* Exercise description
In the material below, find the line with "Immunoprecipitation: KCTD3 Antibody" and the line with "Preview: Stomach disease, Asian", then output both and every line between them exactly, omitting pictures.

══ Information given ══

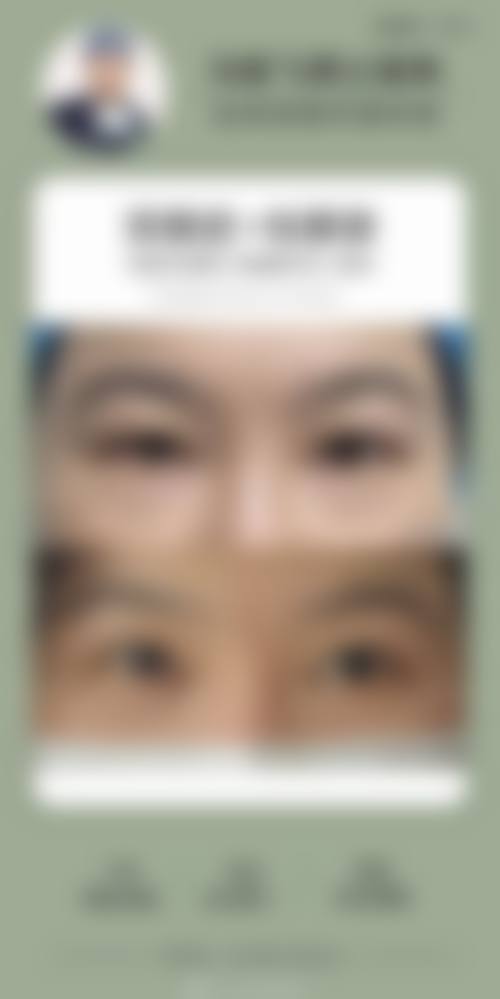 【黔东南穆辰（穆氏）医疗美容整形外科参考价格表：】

═══
══ Information given ══

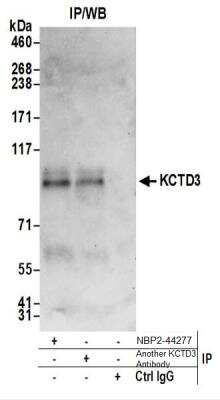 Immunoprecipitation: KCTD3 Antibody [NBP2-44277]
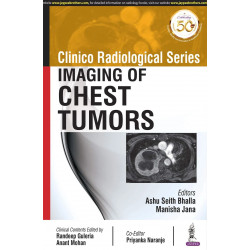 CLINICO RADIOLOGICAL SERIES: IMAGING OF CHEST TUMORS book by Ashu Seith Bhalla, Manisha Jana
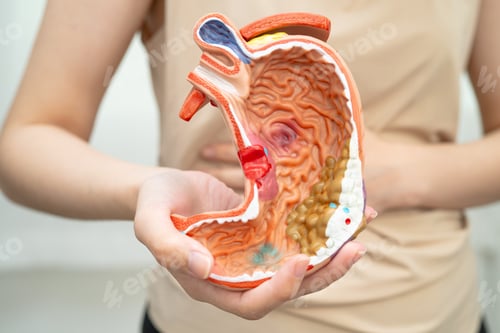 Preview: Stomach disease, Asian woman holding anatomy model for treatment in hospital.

═══

* Your solution
 Immunoprecipitation: KCTD3 Antibody [NBP2-44277]
 CLINICO RADIOLOGICAL SERIES: IMAGING OF CHEST TUMORS book by Ashu Seith Bhalla, Manisha Jana
 Preview: Stomach disease, Asian woman holding anatomy model for treatment in hospital.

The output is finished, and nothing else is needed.